• TASK ITEM: Below is a listing with pictures. Repeat exactly the lines starting at the one holding "СЗО: Зголемен е" and going on through the one holding "-全乐鱼馆·淳牌有机鱼直营店", and leave every picture out.

• RECORDS FOR PROCESSING:

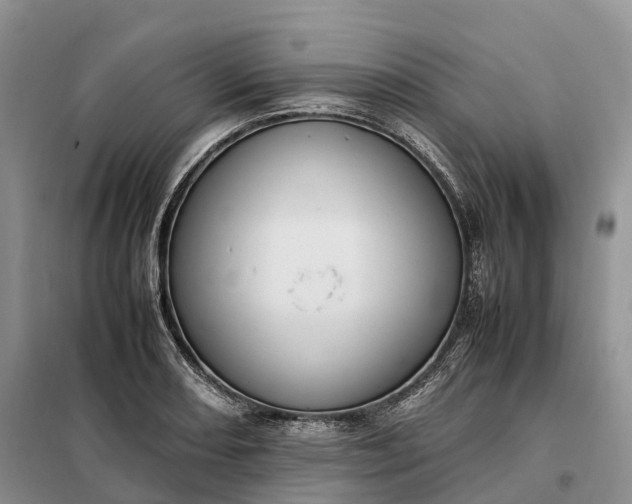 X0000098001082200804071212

---

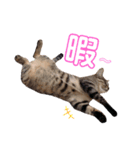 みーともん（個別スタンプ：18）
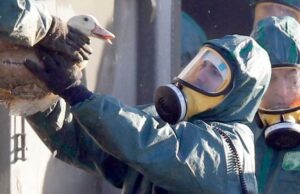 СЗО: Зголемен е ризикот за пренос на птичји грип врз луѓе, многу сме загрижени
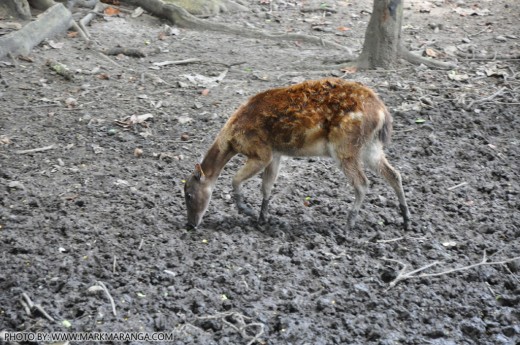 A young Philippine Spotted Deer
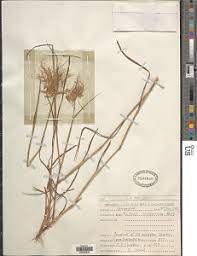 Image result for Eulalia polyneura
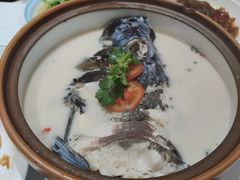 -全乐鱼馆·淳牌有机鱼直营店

--

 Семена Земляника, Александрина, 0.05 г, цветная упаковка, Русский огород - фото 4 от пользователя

• OUTPUT OF THE TASK:
 СЗО: Зголемен е ризикот за пренос на птичји грип врз луѓе, многу сме загрижени
 A young Philippine Spotted Deer
 Image result for Eulalia polyneura
 -全乐鱼馆·淳牌有机鱼直营店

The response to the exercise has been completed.